## [PROBLEM TO WORK ON]
Reproduce the closing part of the entries exactly: the line with "Pele in action" and all lines after it, ending with the last line, and nothing else.

## [Crawled caption data]
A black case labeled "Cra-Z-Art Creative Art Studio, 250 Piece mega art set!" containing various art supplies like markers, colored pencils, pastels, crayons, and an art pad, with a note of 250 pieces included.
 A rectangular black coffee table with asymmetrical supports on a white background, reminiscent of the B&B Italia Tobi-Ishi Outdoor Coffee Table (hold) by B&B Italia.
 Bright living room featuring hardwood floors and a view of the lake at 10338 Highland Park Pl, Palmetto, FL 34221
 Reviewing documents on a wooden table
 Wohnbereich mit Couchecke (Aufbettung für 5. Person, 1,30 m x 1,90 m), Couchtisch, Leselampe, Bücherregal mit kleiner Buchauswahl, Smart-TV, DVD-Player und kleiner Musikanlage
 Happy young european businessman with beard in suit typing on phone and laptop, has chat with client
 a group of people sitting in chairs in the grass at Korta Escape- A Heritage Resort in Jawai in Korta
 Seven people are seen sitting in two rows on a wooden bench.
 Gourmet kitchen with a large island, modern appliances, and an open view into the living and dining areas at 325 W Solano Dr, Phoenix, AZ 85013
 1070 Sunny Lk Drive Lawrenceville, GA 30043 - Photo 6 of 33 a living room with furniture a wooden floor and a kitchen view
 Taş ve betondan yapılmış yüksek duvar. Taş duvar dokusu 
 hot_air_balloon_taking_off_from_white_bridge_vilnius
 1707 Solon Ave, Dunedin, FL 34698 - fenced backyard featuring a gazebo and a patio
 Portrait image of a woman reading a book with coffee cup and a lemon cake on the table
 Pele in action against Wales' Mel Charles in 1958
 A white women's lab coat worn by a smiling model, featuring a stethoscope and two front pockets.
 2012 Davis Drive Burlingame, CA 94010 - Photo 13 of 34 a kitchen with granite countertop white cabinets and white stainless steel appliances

## [EXPECTED ANSWER]
 Pele in action against Wales' Mel Charles in 1958
 A white women's lab coat worn by a smiling model, featuring a stethoscope and two front pockets.
 2012 Davis Drive Burlingame, CA 94010 - Photo 13 of 34 a kitchen with granite countertop white cabinets and white stainless steel appliances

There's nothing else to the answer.